(Short text fragments from websites)
------------------------------------------------------------

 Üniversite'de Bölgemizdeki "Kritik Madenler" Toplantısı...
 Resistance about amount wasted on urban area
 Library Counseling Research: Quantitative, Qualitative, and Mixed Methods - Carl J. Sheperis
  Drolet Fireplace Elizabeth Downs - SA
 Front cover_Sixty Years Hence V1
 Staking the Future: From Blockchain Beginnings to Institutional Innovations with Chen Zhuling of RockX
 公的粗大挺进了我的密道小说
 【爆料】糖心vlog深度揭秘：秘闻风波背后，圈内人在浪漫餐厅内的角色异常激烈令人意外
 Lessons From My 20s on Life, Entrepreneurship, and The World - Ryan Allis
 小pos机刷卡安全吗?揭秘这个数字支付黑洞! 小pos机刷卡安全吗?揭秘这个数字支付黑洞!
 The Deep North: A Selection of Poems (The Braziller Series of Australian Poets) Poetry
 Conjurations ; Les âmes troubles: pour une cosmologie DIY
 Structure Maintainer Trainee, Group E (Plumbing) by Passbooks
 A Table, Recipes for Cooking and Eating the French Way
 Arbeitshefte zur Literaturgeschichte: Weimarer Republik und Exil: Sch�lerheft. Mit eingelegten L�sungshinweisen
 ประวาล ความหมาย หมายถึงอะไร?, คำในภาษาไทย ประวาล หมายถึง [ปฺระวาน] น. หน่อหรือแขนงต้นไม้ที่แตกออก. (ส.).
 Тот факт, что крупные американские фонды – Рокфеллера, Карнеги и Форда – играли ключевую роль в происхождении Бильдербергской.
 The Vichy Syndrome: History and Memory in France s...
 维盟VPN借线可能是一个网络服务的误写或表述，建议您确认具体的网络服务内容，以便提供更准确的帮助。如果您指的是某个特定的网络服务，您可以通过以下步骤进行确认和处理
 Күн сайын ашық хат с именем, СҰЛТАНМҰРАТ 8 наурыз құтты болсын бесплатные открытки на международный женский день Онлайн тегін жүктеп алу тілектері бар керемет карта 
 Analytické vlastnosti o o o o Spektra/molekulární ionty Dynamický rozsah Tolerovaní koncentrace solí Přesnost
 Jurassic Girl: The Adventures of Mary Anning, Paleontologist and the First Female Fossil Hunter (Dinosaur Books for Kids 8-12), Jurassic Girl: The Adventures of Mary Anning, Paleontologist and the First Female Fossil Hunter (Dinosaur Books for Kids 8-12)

------------------------------------------------------------

TASK DIRECTIONS ::
What you return should be the lines from the beginning of the records through the one that contains "Drolet Fireplace Elizabeth Downs - SA", repeated exactly and with no additions.

RESPONSE TO THIS TASK ::
 Üniversite'de Bölgemizdeki "Kritik Madenler" Toplantısı...
 Resistance about amount wasted on urban area
 Library Counseling Research: Quantitative, Qualitative, and Mixed Methods - Carl J. Sheperis
  Drolet Fireplace Elizabeth Downs - SA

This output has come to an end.